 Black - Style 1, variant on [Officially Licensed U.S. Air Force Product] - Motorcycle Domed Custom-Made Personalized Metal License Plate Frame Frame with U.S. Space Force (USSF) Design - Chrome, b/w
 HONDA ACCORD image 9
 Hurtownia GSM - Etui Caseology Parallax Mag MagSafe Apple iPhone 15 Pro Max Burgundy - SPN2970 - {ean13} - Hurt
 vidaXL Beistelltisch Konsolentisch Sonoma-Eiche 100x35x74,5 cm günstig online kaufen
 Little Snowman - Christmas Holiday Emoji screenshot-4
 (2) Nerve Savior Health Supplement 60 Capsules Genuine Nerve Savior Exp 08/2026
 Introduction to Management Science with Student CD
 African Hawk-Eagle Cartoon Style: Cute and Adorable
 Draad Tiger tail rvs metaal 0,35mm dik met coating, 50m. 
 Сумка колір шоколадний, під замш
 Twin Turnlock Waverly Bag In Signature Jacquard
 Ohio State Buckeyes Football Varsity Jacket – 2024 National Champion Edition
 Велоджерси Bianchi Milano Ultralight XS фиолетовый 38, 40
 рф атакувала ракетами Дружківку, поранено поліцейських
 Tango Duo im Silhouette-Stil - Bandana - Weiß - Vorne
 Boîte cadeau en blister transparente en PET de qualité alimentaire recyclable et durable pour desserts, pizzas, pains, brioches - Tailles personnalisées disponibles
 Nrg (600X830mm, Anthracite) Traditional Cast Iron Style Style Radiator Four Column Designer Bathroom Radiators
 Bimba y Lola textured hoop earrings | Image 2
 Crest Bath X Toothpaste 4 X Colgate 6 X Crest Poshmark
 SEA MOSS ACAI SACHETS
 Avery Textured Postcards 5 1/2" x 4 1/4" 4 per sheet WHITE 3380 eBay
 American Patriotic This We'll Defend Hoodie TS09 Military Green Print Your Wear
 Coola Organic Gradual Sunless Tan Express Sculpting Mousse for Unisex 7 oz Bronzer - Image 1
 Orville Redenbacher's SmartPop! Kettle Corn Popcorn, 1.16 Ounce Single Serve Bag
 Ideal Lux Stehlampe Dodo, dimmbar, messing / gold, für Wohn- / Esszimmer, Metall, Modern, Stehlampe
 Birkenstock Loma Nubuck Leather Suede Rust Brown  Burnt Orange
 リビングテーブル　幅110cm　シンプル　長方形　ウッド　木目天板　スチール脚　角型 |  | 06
- - -
What you should do: Reproduce, word for word, every line starting at the line that contains "Ideal Lux Stehlampe" and ending with the final line of the entries.

Output of the task:
 Ideal Lux Stehlampe Dodo, dimmbar, messing / gold, für Wohn- / Esszimmer, Metall, Modern, Stehlampe
 Birkenstock Loma Nubuck Leather Suede Rust Brown  Burnt Orange
 リビングテーブル　幅110cm　シンプル　長方形　ウッド　木目天板　スチール脚　角型 |  | 06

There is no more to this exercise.